Since the EC dropped this charge, it was not examined by the High Court.

(ii) Did Chavan authorize the publication of advertisements related to his campaign? 

The second issue was whether Chavan had authorized the publication of around 25 advertisements (not “paid news”) and failed to disclose the expenses of these to the EC. His defence was the testimony of his party colleagues who claimed that they had commissioned the advertisements in question and had borne the expenses without Chavan’s knowledge as they were his friends and well-wishers. 

The EC did not buy this argument and instead invoked the theory of “implied authorization” to trace the publication of the advertisements to Chavan himself. The EC cited Kanwarlal Gupta vs Amar Nath Chawla (1975), a  Supreme Court judgment which held that “implied authorization” occurs when “…expenditure is incurred which can be identified with the election of a given candidate that it would be liable to be added to the expenditure of that candidate as being impliedly authorised by him (sic).”

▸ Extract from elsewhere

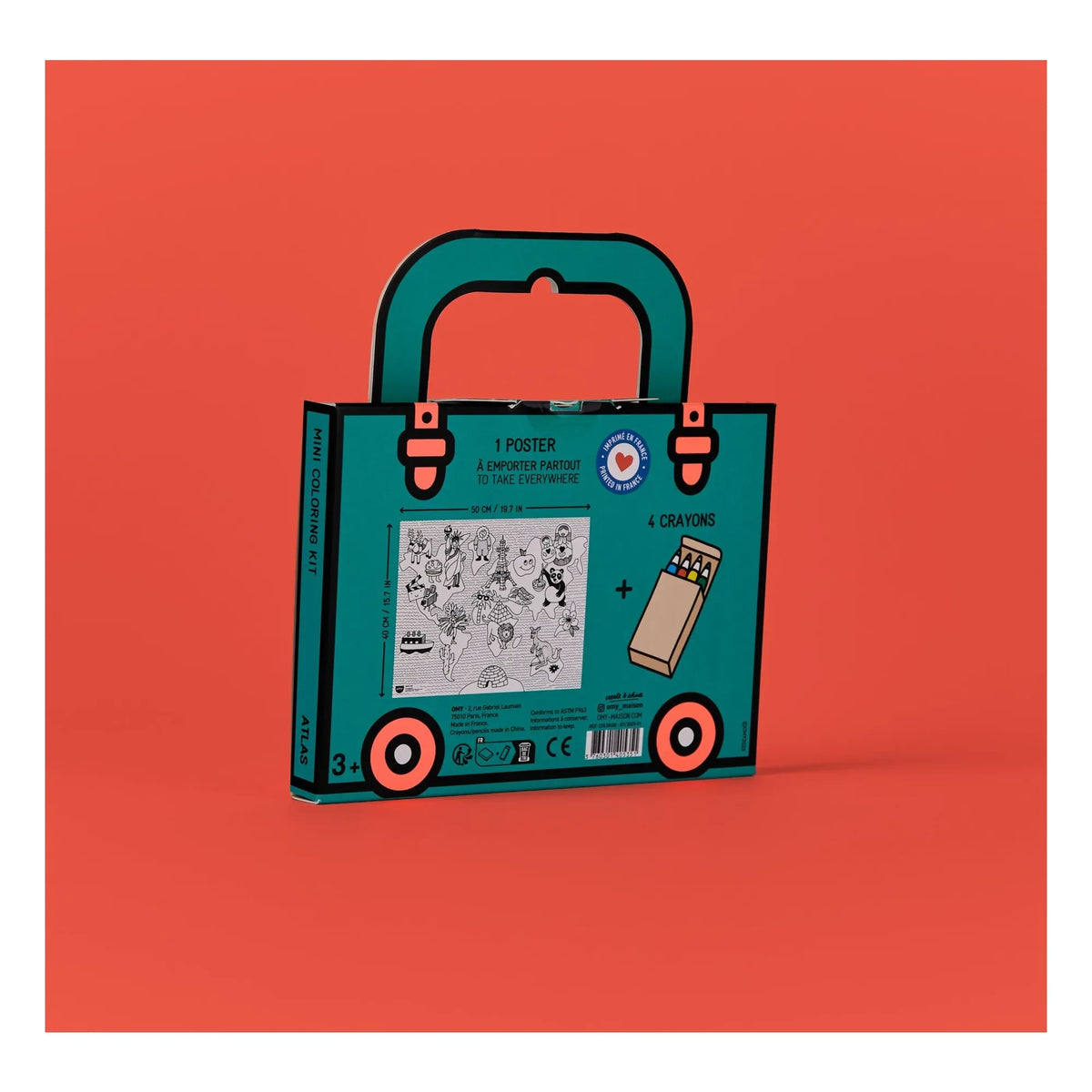 Omy - Atlas mini coloring set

Such an interpretation saved the EC the trouble of finding a direct financial link between Chavan and his colleagues who published the advertisements without his knowledge.

Citing another Supreme Court precedent on the standard of proof required for such electoral cases, the EC ruled that it only had to consider the evidence on a balance of probabilities.

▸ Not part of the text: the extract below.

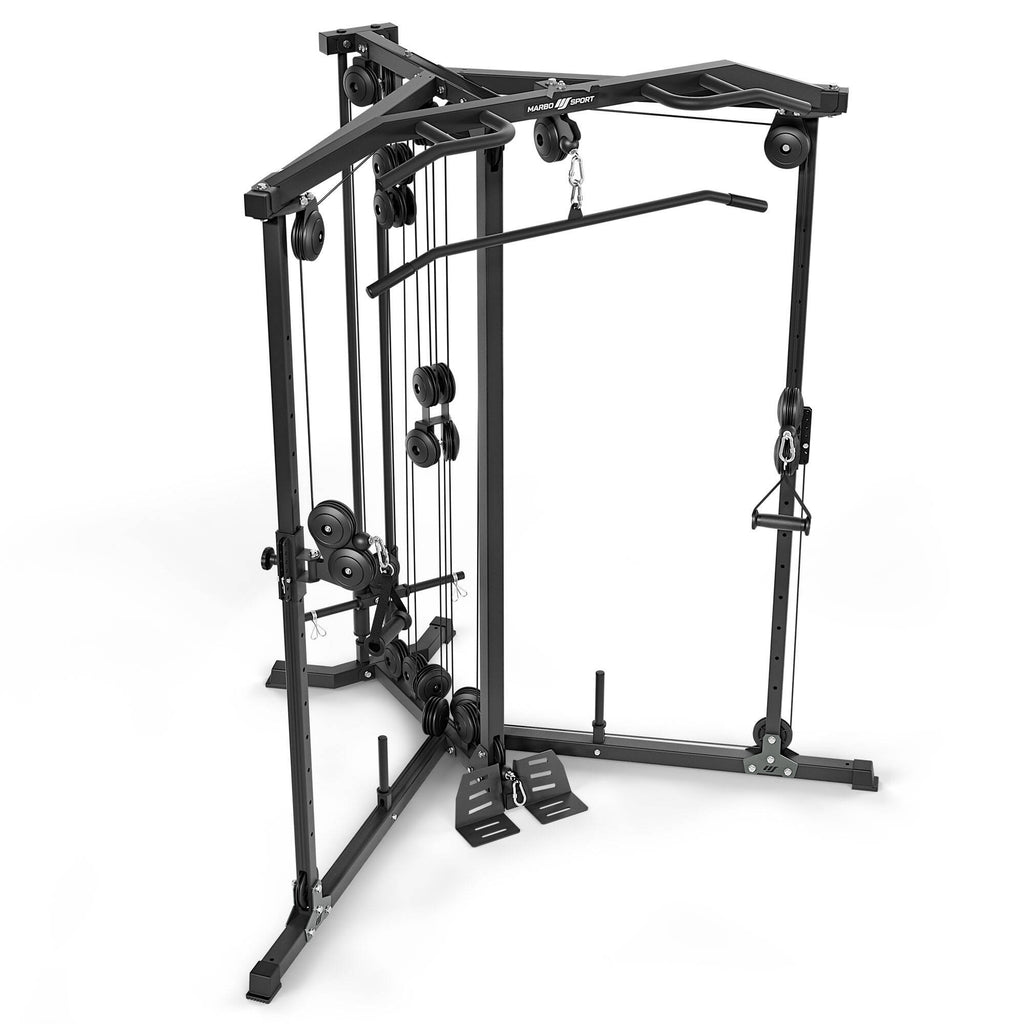Freihantel-Trainingsstation mit oberem und unterem Seilzug MS-W106 2.0 – Marbo Sport – Ansicht 3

This standard is followed in civil cases as opposed to criminal cases, which follow a standard of proof beyond reasonable doubt. To prove a preponderance of probabilities, it is enough to establish that the evidence leads to the conclusion that the allegations are more likely true than not.

In the present case, the EC cited four specific factors to conclude, that on the preponderance of probabilities, it was more likely than not that Chavan had “impliedly authorized” the payments for the advertisements  since (i) The persons claiming to have sponsored the advertisements were all senior party bearers in the Congress Party; (ii) The quantum of such advertisement was significant (around 25) (iii) All the advertisements related to public meetings in furtherance of Chavan’s election pursuits and (iv) The advertisements were all in relation to Chavan’s public meetings with heavyweight Congress leaders rather than being general propaganda advertisements for the Congress Party as such.

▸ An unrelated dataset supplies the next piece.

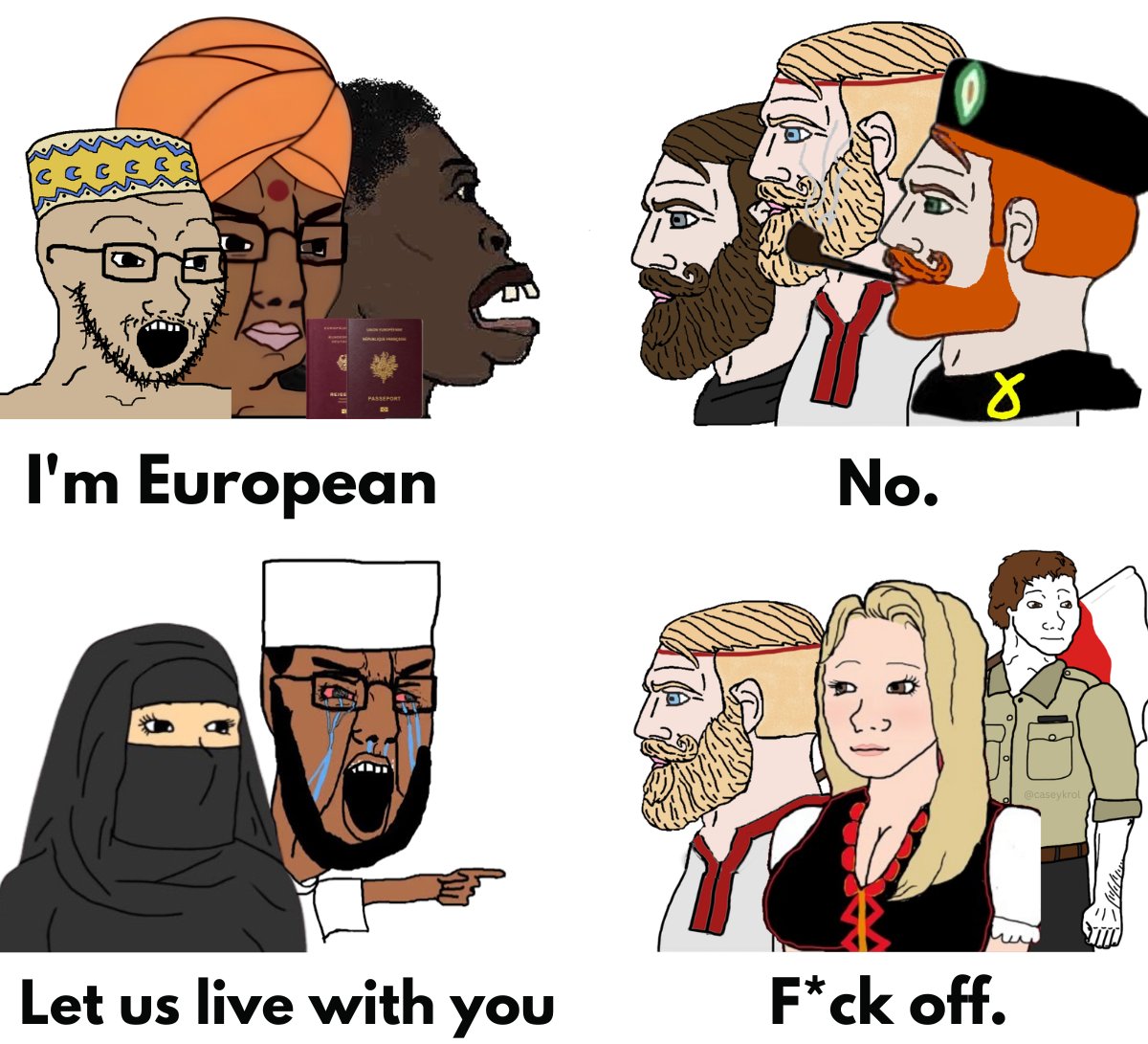 CaseyKrol's tweet photo. My fellow Europeans, this is the way. https://t.co/eU9M2ISEbB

Chavan had appealed against this and other findings of the EC to the Delhi High Court. Fortunately for him, Justice Kait of the Delhi High Court pretty much ignored the Supreme Court’s interpretation of “implied authorization” when he held that it was essential to establish that the persons publishing the advertisements were in fact reimbursed by Chavan.

The court reasons: “It is pertinent to note that authorization means acceptance of the responsibility. Authorization must precede the expenditure. Authorization means reimbursement by the candidate or election agent who has been authorized by the candidate or by the election agent to spend or incur. In order to constitute authorization, the affect must be that the authority must carry with it the right of reimbursement (sic).”

The Kanwarlal case was not applied by Justice Kait on the grounds that its facts were different from the present case.

Since it was not possible to establish that reimbursement by Chavan had taken place, the High Court dismissed the charge.  

Conclusion: This judgment is likely to be appealed by the EC and is most likely headed for the Supreme Court eventually. Without a doctrine like “implied authorization” it will be impossible to ever crack cases like Chavan’s.

At the same time, the complainants could be faulted for poor legal strategy. At the very least, the functionaries of the Congress claiming to have paid for the advertisements should have been cross-examined before the EC and the same stands true for the journalists whose by-lines appear in the paid news reports.

Cross-examination is the only tool to test the veracity of the sworn affidavits and the complainants in this case surprisingly chose not to cross-examine any of the important witnesses.